Australia’s telco market is bracing for a major shake-up after the Federal Court gave the green light to the proposed merger of TPG and Vodafone.
The court’s ruling clears the path for a new company large enough to compete with Telstra and Optus – prompting analysts to declare a win for consumers.
The new company will trade as TPG and be worth roughly $15 billion.
The Australian Competition and Consumer Commission (ACCC) attempted to block the TPG-Vodafone merger in May on the basis it lessened competition.
But independent telecommunications expert Paul Budde said the merger was good news for consumers as the long-term viability of TPG and Vodafone had looked “shaky” before the decision.
Vodafone Australia is technically insolvent and has always lost money.

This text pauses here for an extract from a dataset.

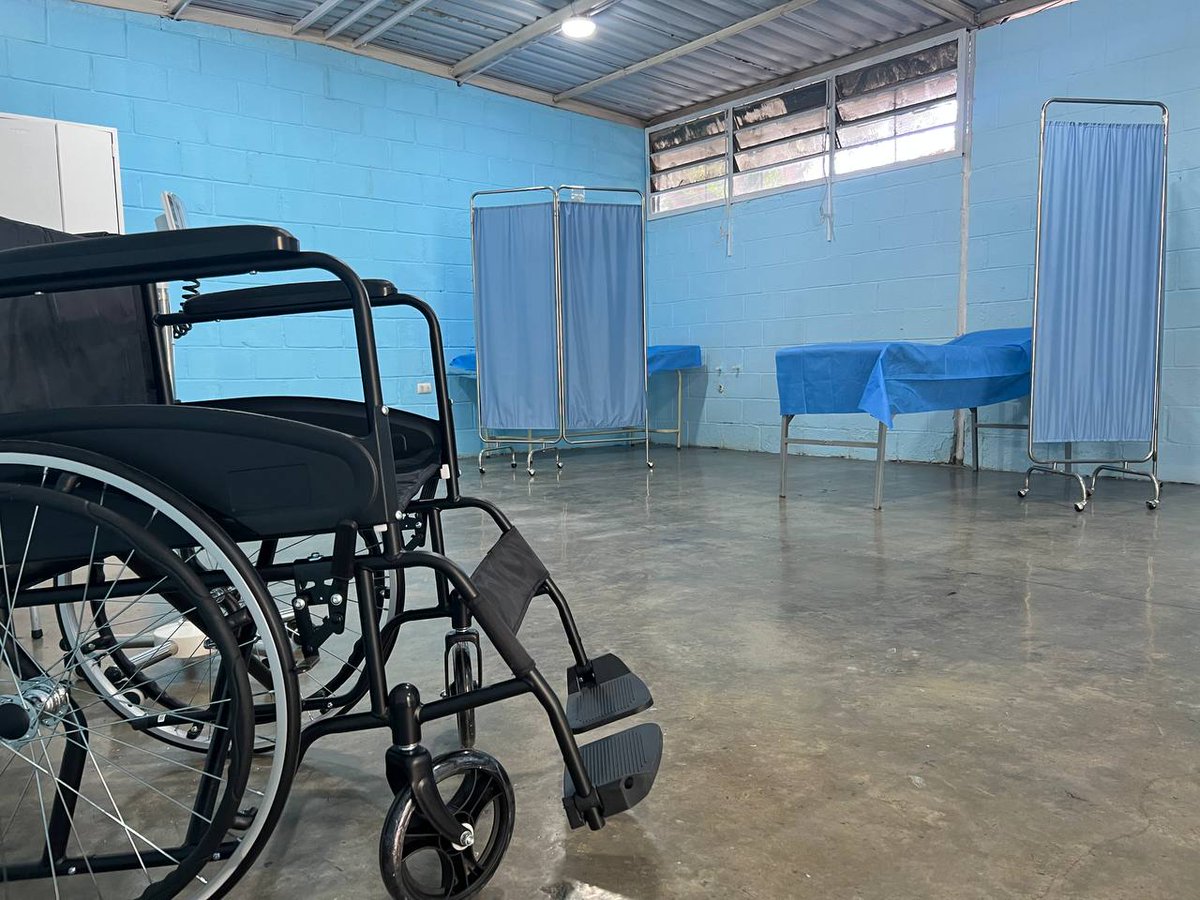 Seguimos aportando al sistema de salud de nuestro gremio.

And TPG recently had to scrap plans to build its own mobile network after partner Huawei was banned from supplying 5G equipment to Australian companies.
Mr Budde said the merger consequently increased competition, by giving TPG and Vodafone the firepower needed to take on Telstra and Optus – both of whom announced falling profits on Thursday.
The Australian Communications Consumer Action Network put forward a similar argument last year, and credit agency Moody’s said on Thursday: “The merged entity will be much better positioned to compete as a credible third player in the Australian telco market than TPG and Vodafone individually”.
“The reality is, Vodafone has never been able to really perform well in the market. It’s always been a distant third. And TPG went through some serious problems a few years ago,” Mr Budde told The New Daily.
“They’ve also been hit by low margins and had profits going down … and I think it started to dawn on them 18 months ago that their business model was, I wouldn’t say unsustainable, but it was shaky.”
No price wars
Although he described the merger as good news for consumers, Mr Budde said large price falls were unlikely, though, as the telcos considered a price war “unsustainable for everyone”.
He said TPG and Vodafone would instead introduce bundle packages combining mobile and broadband.
TPG specialises in fixed-line fibre broadband and owns iiNet and AAPT.
Vodafone Hutchison Australia is primarily a mobile network operator.
“There will be a bit of a discount if you bundle, but typically that isn’t more than 5 or 10 per cent,” Mr Budde said.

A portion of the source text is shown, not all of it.